→ WORK REQUEST
Set down, exactly as they stand, the lines from the one containing "Truck Trailer Duty" through the last line of the records below, leaving every picture out.

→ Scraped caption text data
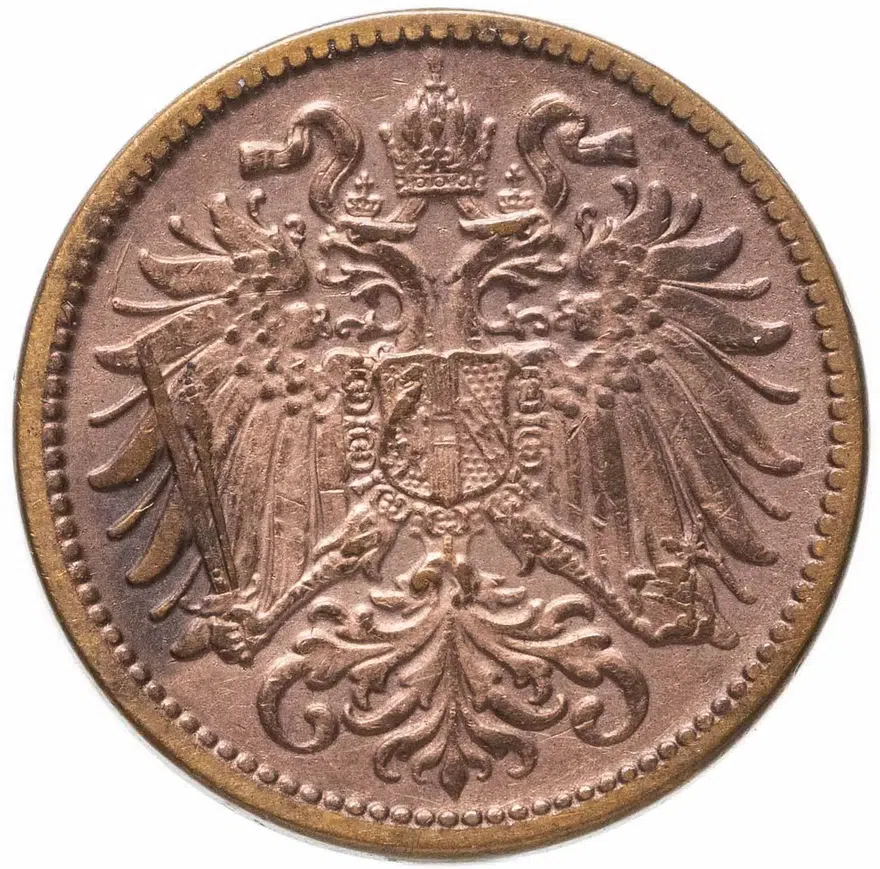 Австрия 2 геллера (heller) 1912, реверс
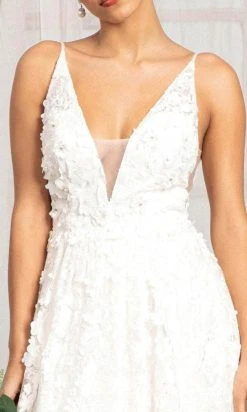 Elizabeth K GL1984 - Sleeveless Floral A-Line Dress 11 Elizabeth K GL1984 - Sleeveless Floral A-Line Dress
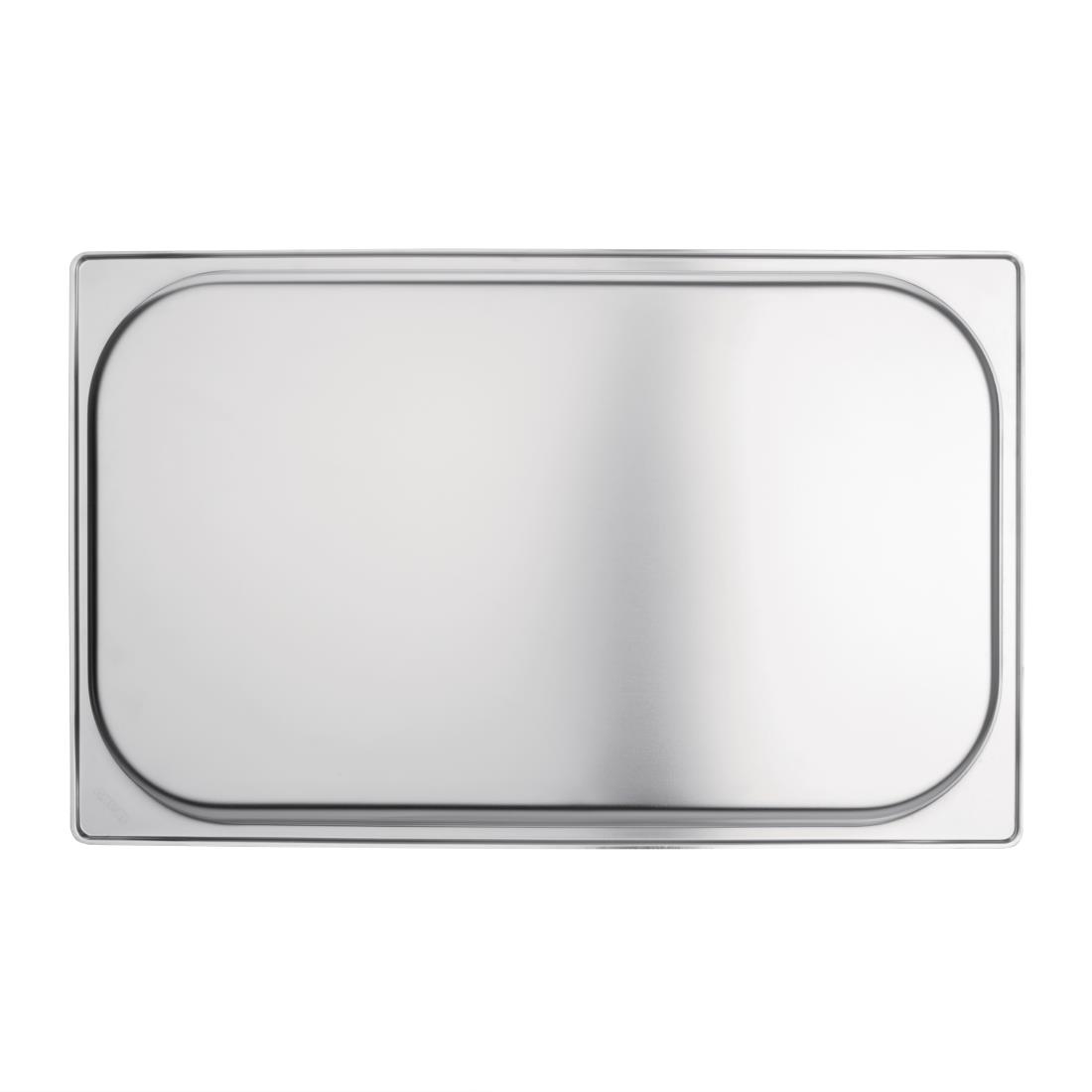 Vogue Stainless Steel 1/1 Gastronorm Pan 40mm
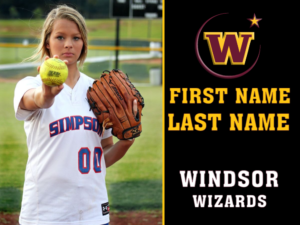Windsor High School Softball photo yard sign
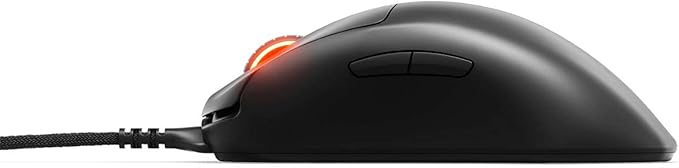 SteelSeries Esports FPS Gaming Mouse – Ultra Lightweight 69g – Prime Edition – 5 Programmable Buttons – 18K CPI TrueMove Pro Sensor – Magnetic Optical Switches – Customization - RGB Lighting – PC/Mac
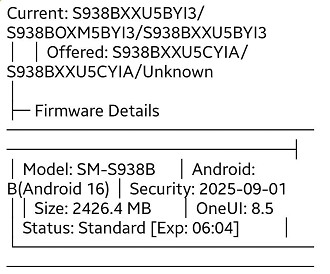 One UI 8.5 nos servidores da Samsung
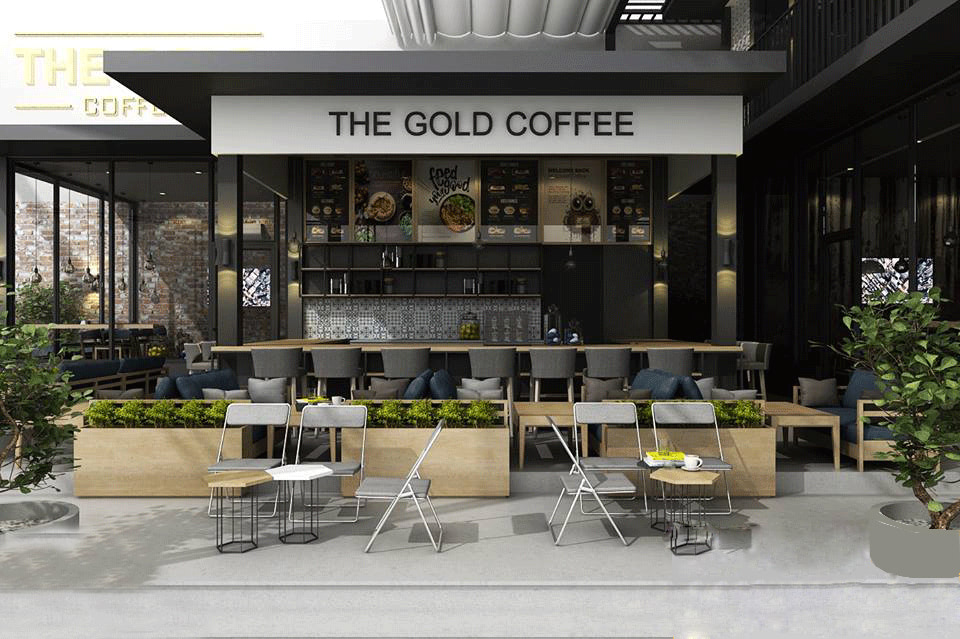 thi cong quan cafe tien che da nang03 - Thi Công Quán Cafe Tiền Chế Đà Nẵng – OhaDecor thi công quán cafe tiền chế đà nẵng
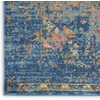 image:imageNourison Home Tranquil IvoryLight Blue 8 x 10 Area Rug  Easy Clean Non Shedding Bed Room Living Room Dining Room Kitchen 8 x 10Navy Blue
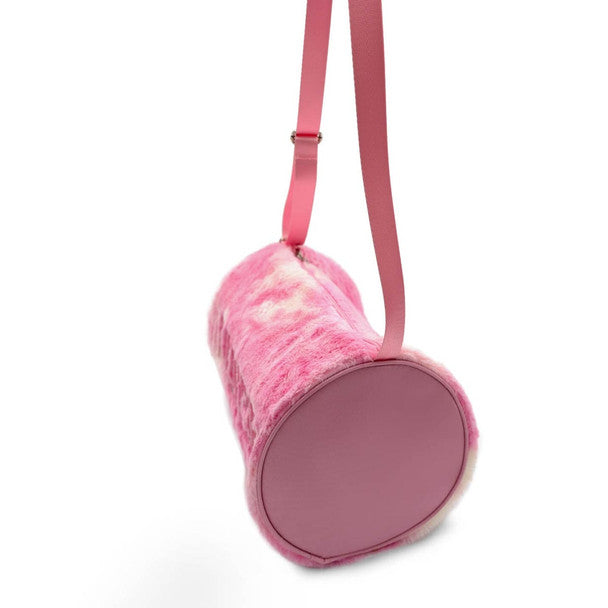 Capezio Plush Pink Faux  Fur Dance Duffle Barrel Bag B286
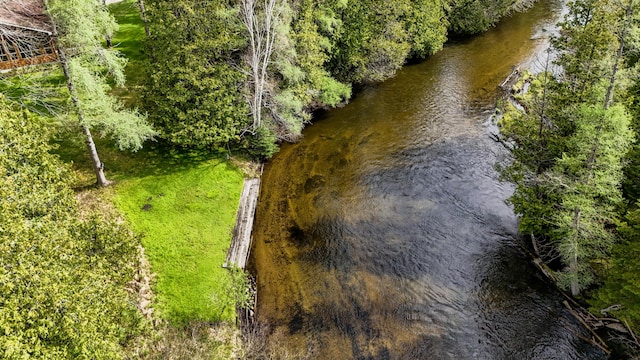 370 W Park Dr, Grayling, MI 49738 - bird's eye view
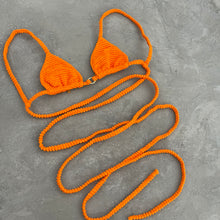 Load image into Gallery viewer, Mango Margarita Textured Triangle Bikini Top

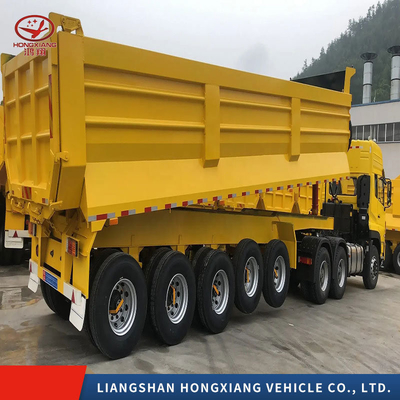Truck Trailer Duty Dump Trailer U-Shaped End Rear Tipper Dumper con personalizzazione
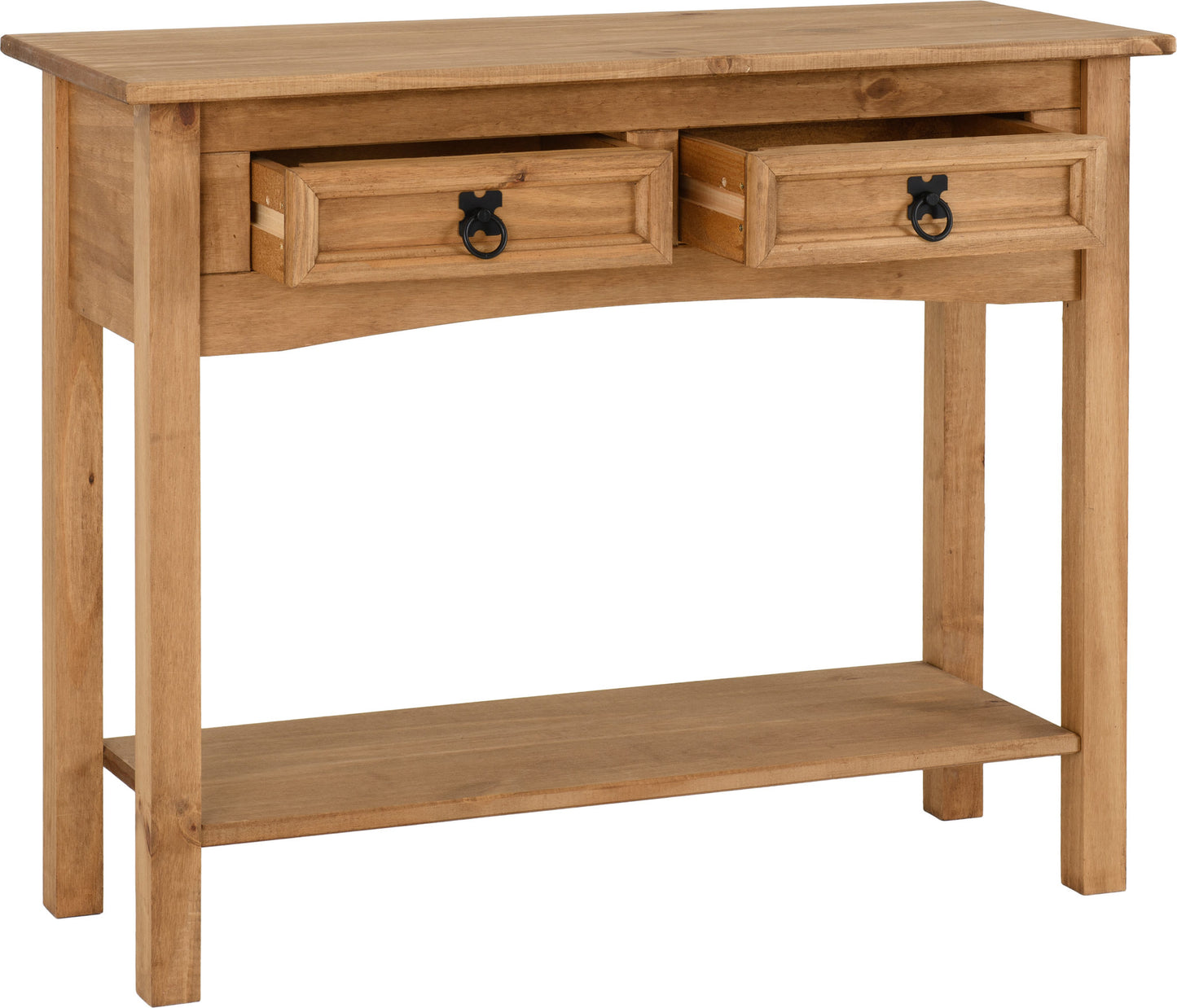 Corona Pine 2 Drawer Console Table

→ ANSWER SECTION
Truck Trailer Duty Dump Trailer U-Shaped End Rear Tipper Dumper con personalizzazione
 Corona Pine 2 Drawer Console Table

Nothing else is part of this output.